Before moving to Lancaster, Risa worked at Jewish Family Services in East Brunswick, NJ. as a psychotherapist.
Rabbi Jack Paskoff is in his 29th year as the rabbi of Lancaster’s Congregation Shaarai Shomayim. During his tenure, the congregation has grown in significant ways in terms of membership, youth and adult learning, and social justice work.
To many, Lancaster seems an unlikely place for meaningful Jewish life, but the Shaarai community of 330 families has made its presence known throughout Pennsylvania and throughout the Reform movement. Jack often addresses social justice issues in his congregation, and, through his various community activities, has become a voice of Tikkun Olam throughout Lancaster County, having participated in and launched projects related to homelessness, poverty, reproductive rights, LGBTQ+ rights, and immigrant resettlement. He regularly speaks about this work in a column in the local newspaper and through numerous speaking engagements.
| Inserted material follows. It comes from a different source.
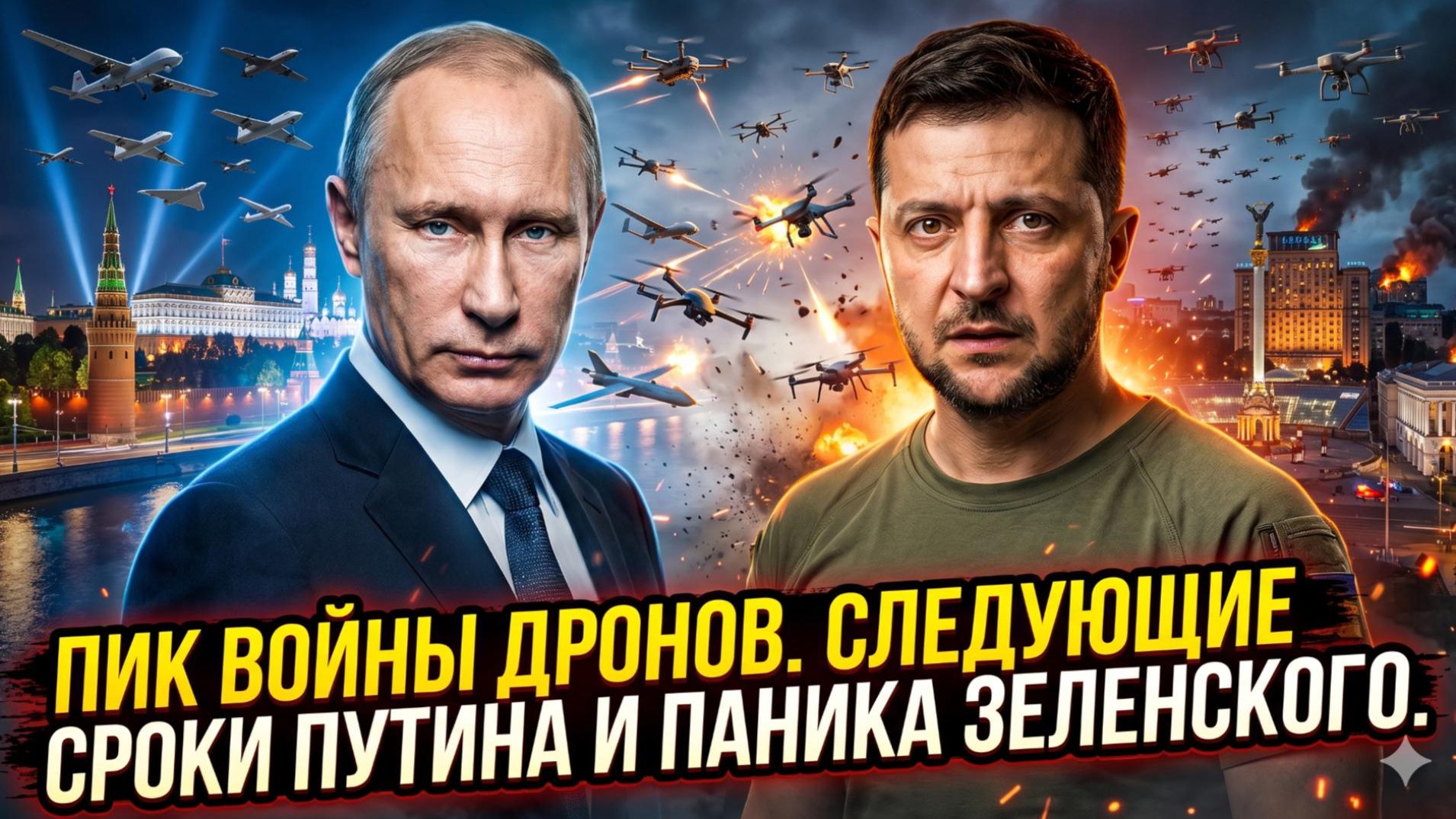 🎯Меркурис и Христофороу | Пик войны дронов. Следующие условия Путина и киевская паника Зеленского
Jack is very involved in Reform Judaism’s youth and camping programs. A number of graduates of the congregation have gone on to active involvement in Jewish life. A native New Yorker, Jack graduated from Brandeis University before being ordained at the Hebrew Union College-Jewish Institute of Religion. Prior to arriving in Lancaster, Jack was the associate rabbi at the Anshe Emeth Memorial Temple in New Brunswick, NJ.
Jack and Risa have been married for 35 years, and have two sons, who live in New York City.